Task.
Copy each record below faithfully, leaving out images.

Records for this exercise.
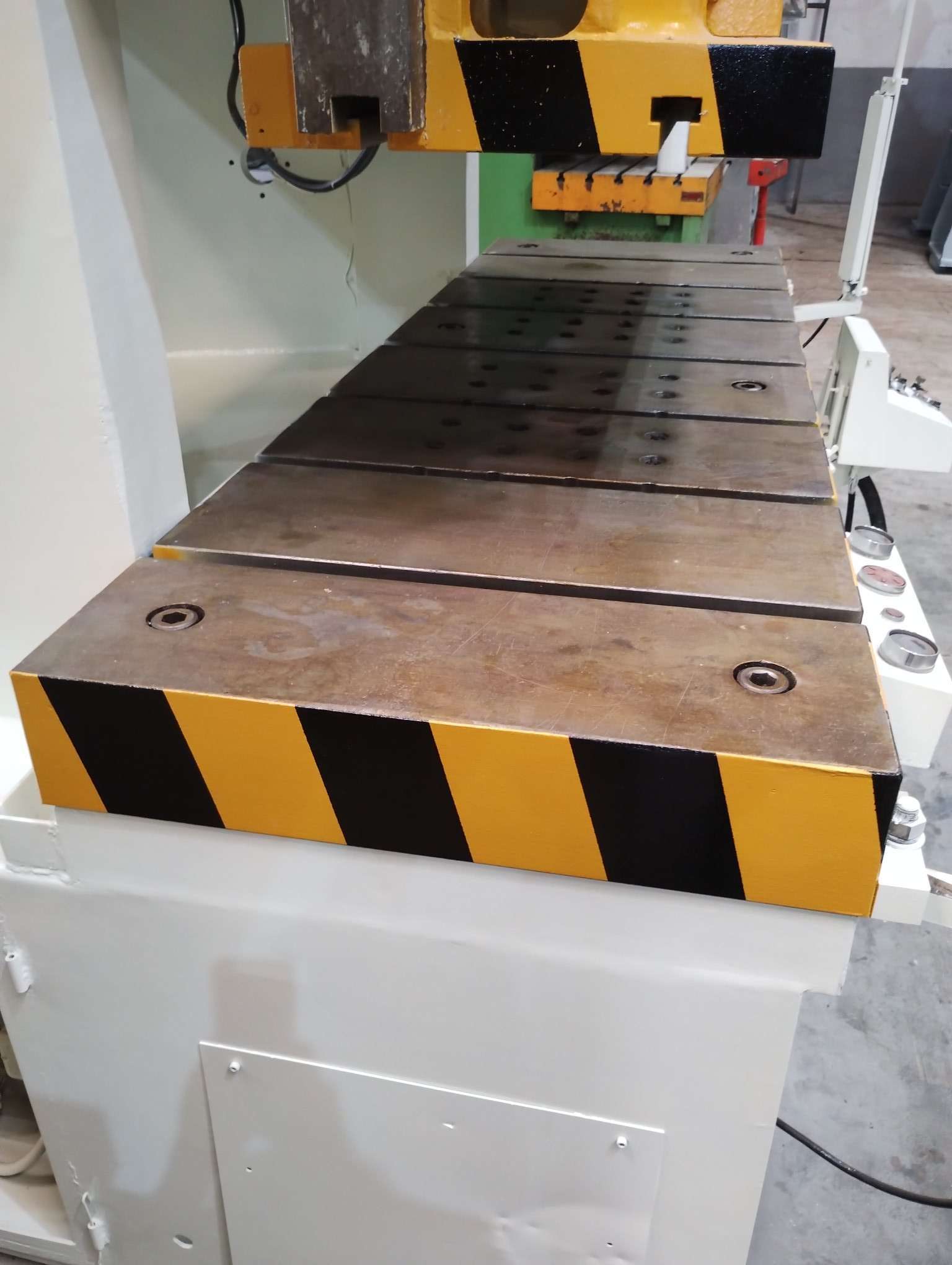 1394 Aida C Frame Double Crank Press - Application: Industrial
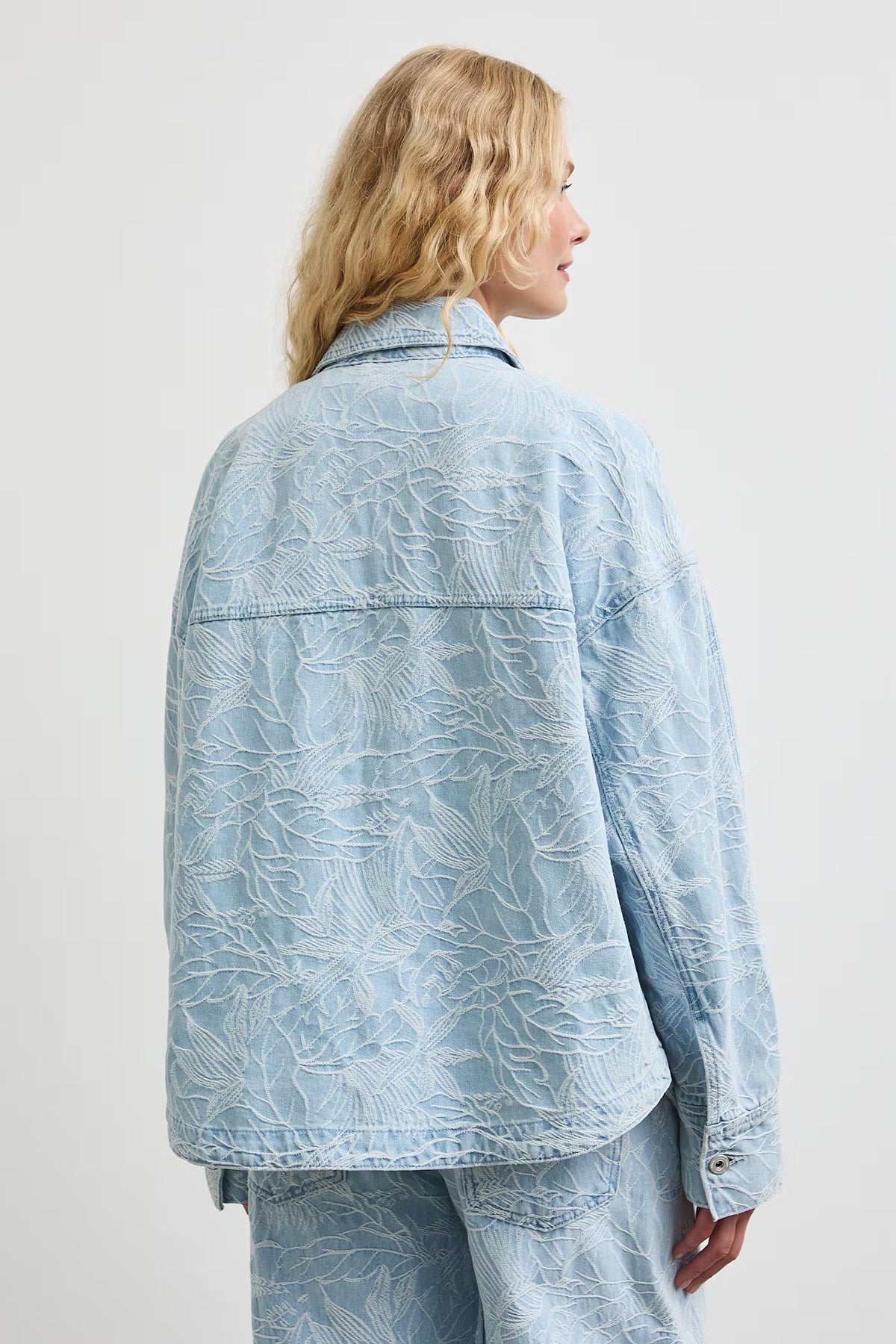 Dames spijkerjack met oversized pasvorm in lichtblauw denim met een subtiel bloe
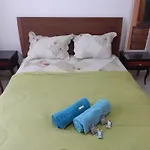 Espacoso Apto De 1 Quarto Na Quadra Da Praia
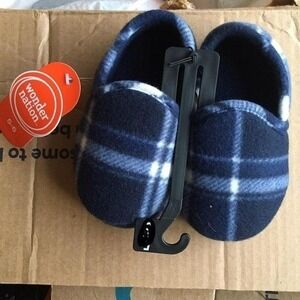 New boys‎ slippers 9/10 Plaid non slip bottoms house shoes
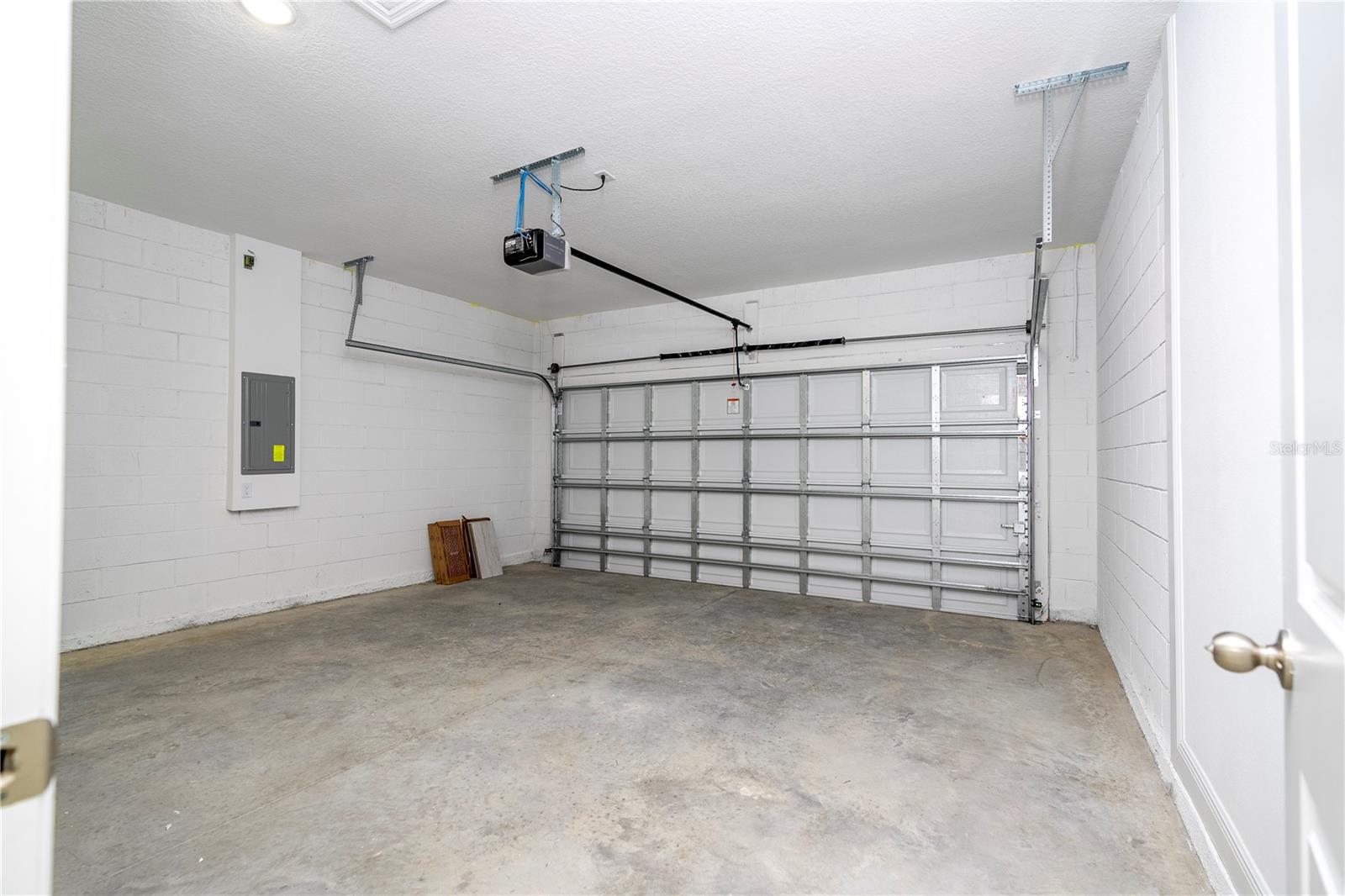 Listing photo id 24 for 9841 Swanee Terrace
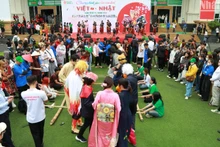 Chương trình giao lưu văn hóa Việt-Nhật lần thứ 10 của Trường đại học Đông Á thu hút đông đảo học sinh, sinh viên tham gia. (Ảnh: ANH ĐÀO)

Response area.
 1394 Aida C Frame Double Crank Press - Application: Industrial
 Dames spijkerjack met oversized pasvorm in lichtblauw denim met een subtiel bloe
 Espacoso Apto De 1 Quarto Na Quadra Da Praia
 New boys‎ slippers 9/10 Plaid non slip bottoms house shoes
 Listing photo id 24 for 9841 Swanee Terrace
 Chương trình giao lưu văn hóa Việt-Nhật lần thứ 10 của Trường đại học Đông Á thu hút đông đảo học sinh, sinh viên tham gia. (Ảnh: ANH ĐÀO)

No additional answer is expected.